__Dataset content__

########################################

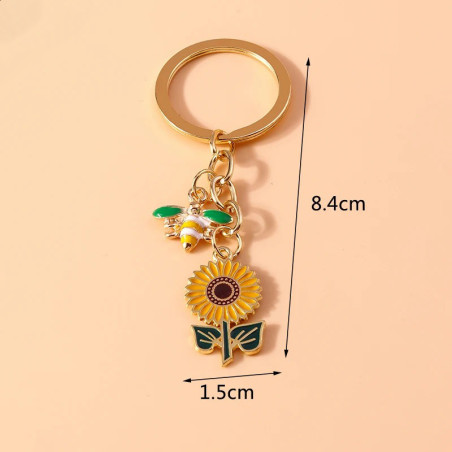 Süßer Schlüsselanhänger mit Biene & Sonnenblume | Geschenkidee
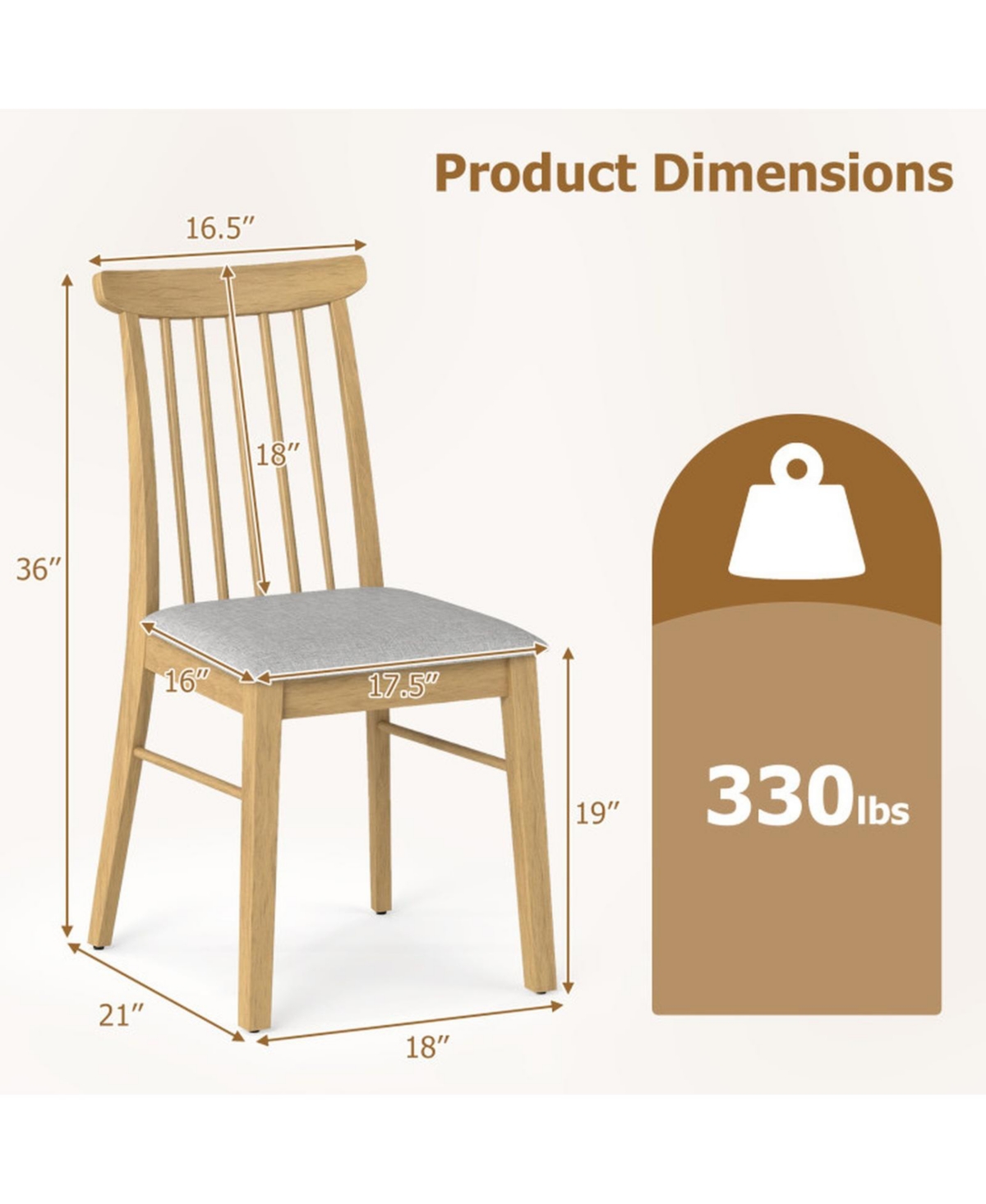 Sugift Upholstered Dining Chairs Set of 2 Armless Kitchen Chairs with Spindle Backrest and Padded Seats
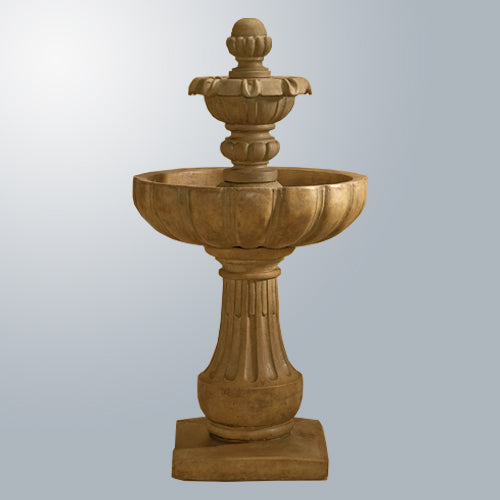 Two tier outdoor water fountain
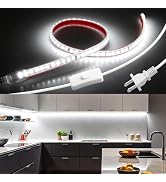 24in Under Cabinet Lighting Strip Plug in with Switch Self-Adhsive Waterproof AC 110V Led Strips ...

########################################

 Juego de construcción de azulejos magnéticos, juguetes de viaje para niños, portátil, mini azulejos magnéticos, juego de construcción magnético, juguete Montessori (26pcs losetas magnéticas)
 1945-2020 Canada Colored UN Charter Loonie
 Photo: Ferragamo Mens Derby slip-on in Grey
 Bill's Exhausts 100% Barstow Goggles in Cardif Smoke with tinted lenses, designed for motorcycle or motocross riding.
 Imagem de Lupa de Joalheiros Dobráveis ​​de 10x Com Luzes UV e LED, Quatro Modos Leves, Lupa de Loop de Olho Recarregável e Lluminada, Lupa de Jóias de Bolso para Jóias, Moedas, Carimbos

########################################

__Exercise objective__
Using the data above, establish how many lines include the word "para"; the reply is that number only.

__Problem solution__
2